• Directions for this task: No pictures go into the copy. Write out exactly the lines below from the one containing "Блок питания для педалборда AMT SOW PS 18V" through the one containing "Stormy waves in".

• Supplied entries:

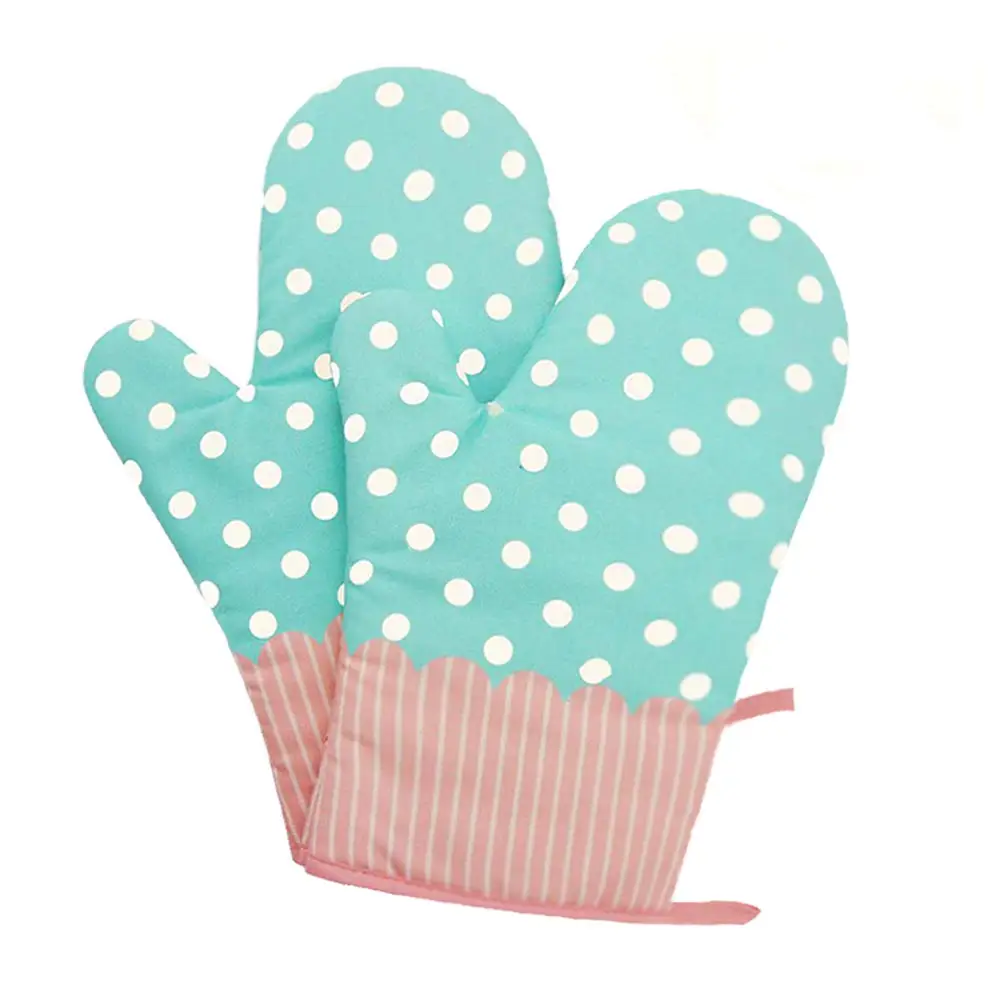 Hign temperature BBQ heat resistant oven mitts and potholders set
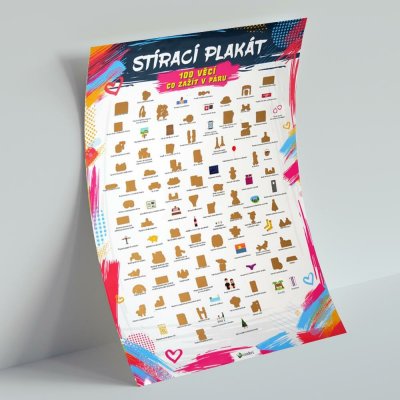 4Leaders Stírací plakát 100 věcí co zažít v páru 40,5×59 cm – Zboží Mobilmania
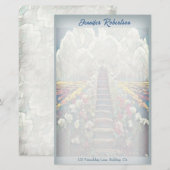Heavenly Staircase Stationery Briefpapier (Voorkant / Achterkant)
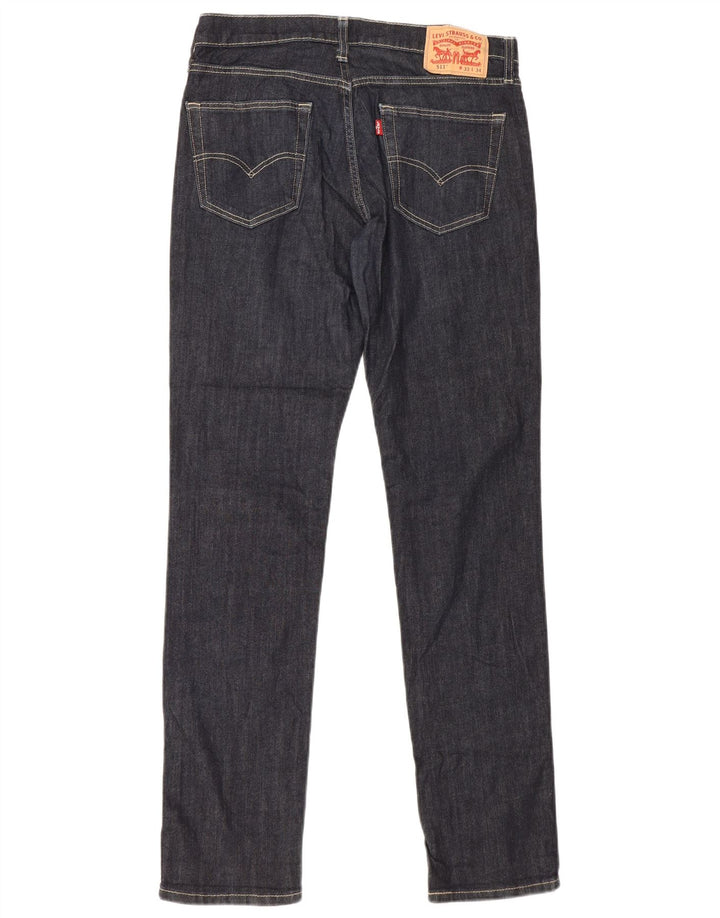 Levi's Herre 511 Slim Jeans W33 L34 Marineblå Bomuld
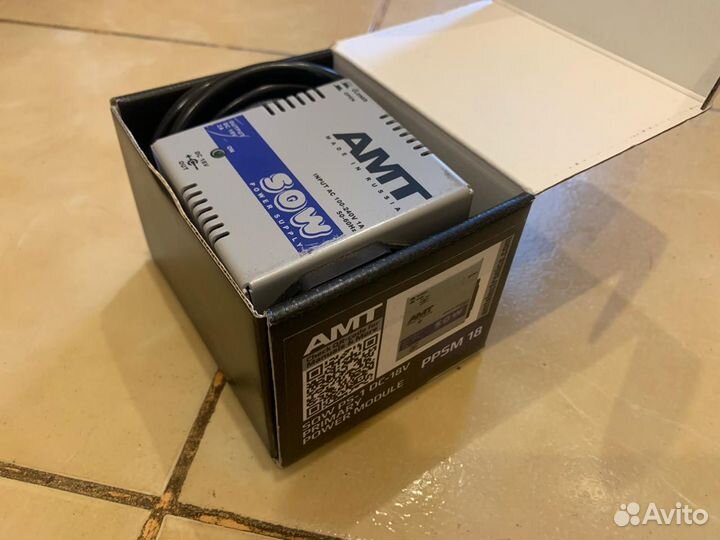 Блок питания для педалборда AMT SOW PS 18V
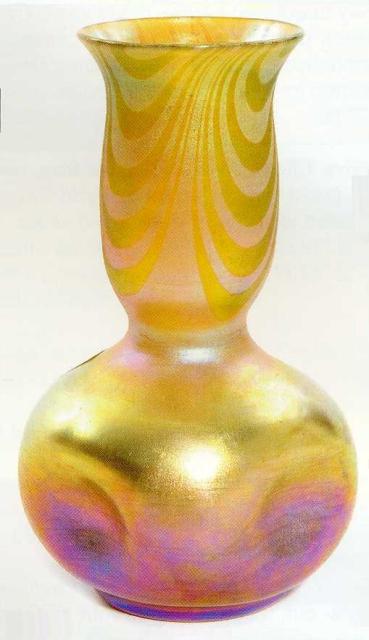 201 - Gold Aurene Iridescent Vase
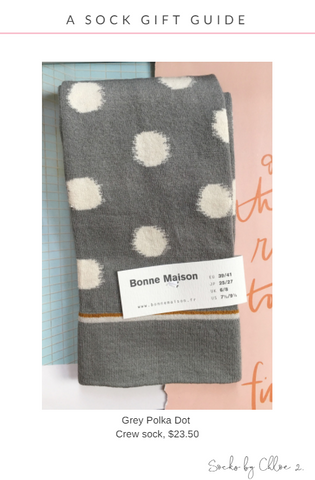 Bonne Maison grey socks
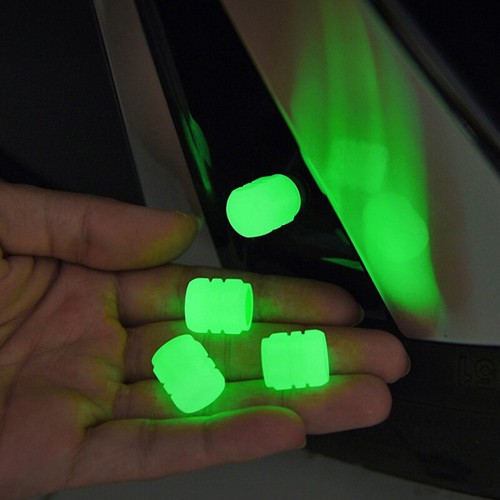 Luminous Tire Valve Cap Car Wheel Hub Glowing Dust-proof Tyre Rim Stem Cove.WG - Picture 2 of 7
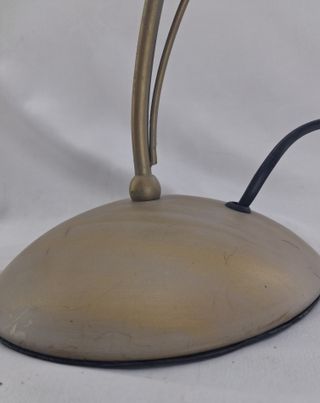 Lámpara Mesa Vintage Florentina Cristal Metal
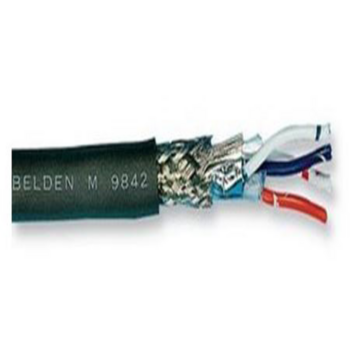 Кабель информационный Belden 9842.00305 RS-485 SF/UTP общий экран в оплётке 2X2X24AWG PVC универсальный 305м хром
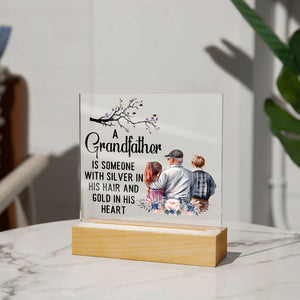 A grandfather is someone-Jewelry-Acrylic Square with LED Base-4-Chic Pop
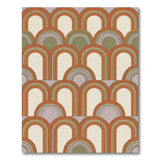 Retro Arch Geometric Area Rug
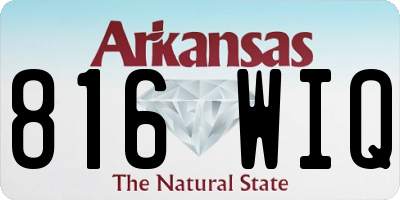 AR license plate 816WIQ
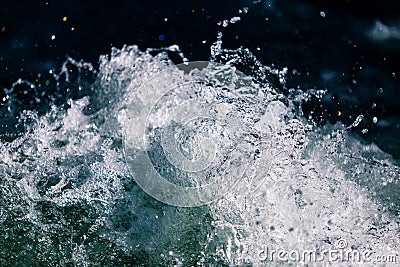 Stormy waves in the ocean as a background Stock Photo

--

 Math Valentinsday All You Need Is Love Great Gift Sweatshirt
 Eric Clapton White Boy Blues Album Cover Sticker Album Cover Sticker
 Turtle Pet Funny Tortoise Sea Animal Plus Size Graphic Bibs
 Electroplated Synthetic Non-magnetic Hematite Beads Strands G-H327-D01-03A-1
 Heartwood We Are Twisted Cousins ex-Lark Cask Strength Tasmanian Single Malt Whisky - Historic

--

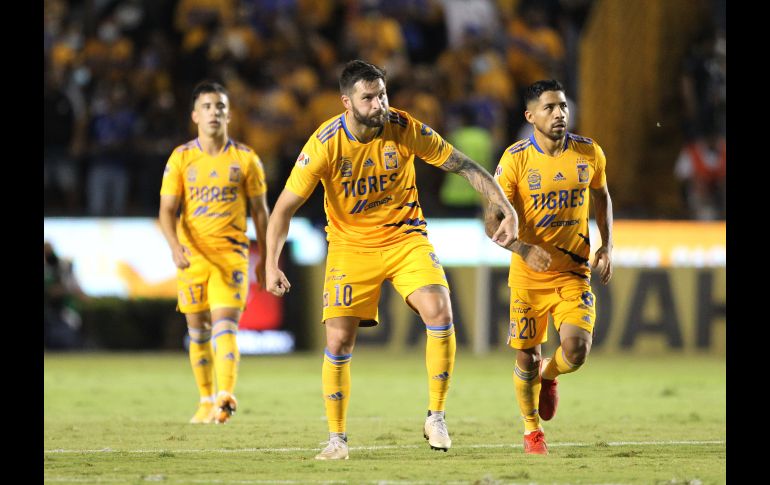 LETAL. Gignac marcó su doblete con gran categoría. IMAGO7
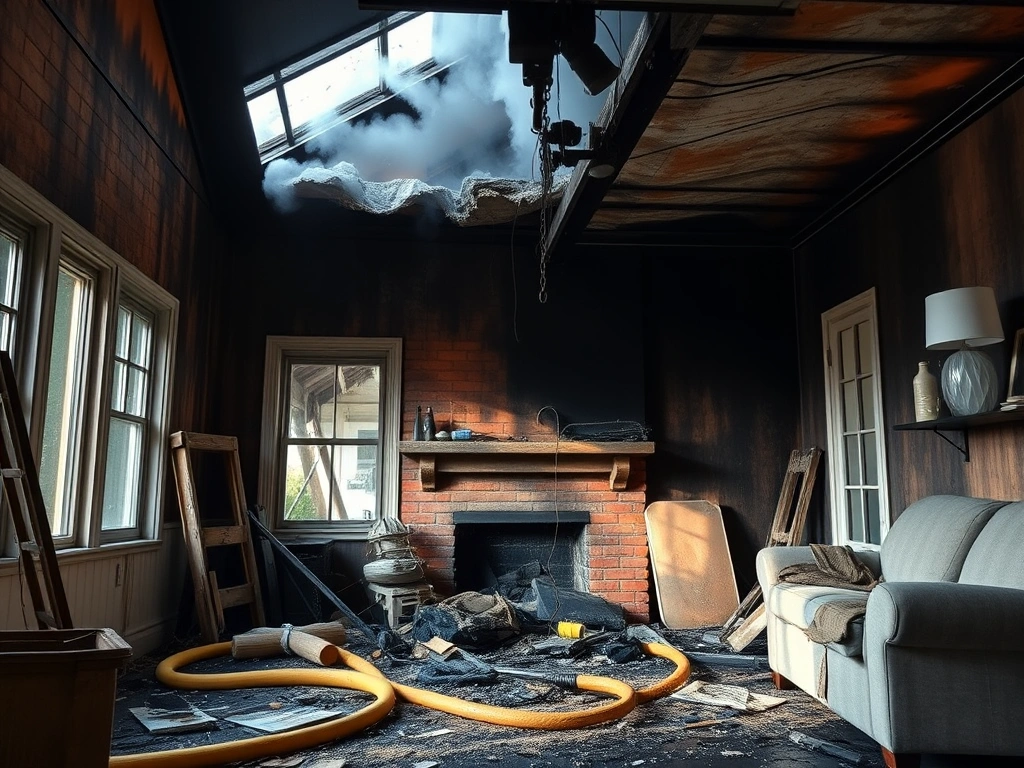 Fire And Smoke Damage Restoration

• Answer section:
 Блок питания для педалборда AMT SOW PS 18V
 201 - Gold Aurene Iridescent Vase
 Bonne Maison grey socks
 Luminous Tire Valve Cap Car Wheel Hub Glowing Dust-proof Tyre Rim Stem Cove.WG - Picture 2 of 7
 Lámpara Mesa Vintage Florentina Cristal Metal
 Кабель информационный Belden 9842.00305 RS-485 SF/UTP общий экран в оплётке 2X2X24AWG PVC универсальный 305м хром
 A grandfather is someone-Jewelry-Acrylic Square with LED Base-4-Chic Pop
 Retro Arch Geometric Area Rug
 AR license plate 816WIQ
 Stormy waves in the ocean as a background Stock Photo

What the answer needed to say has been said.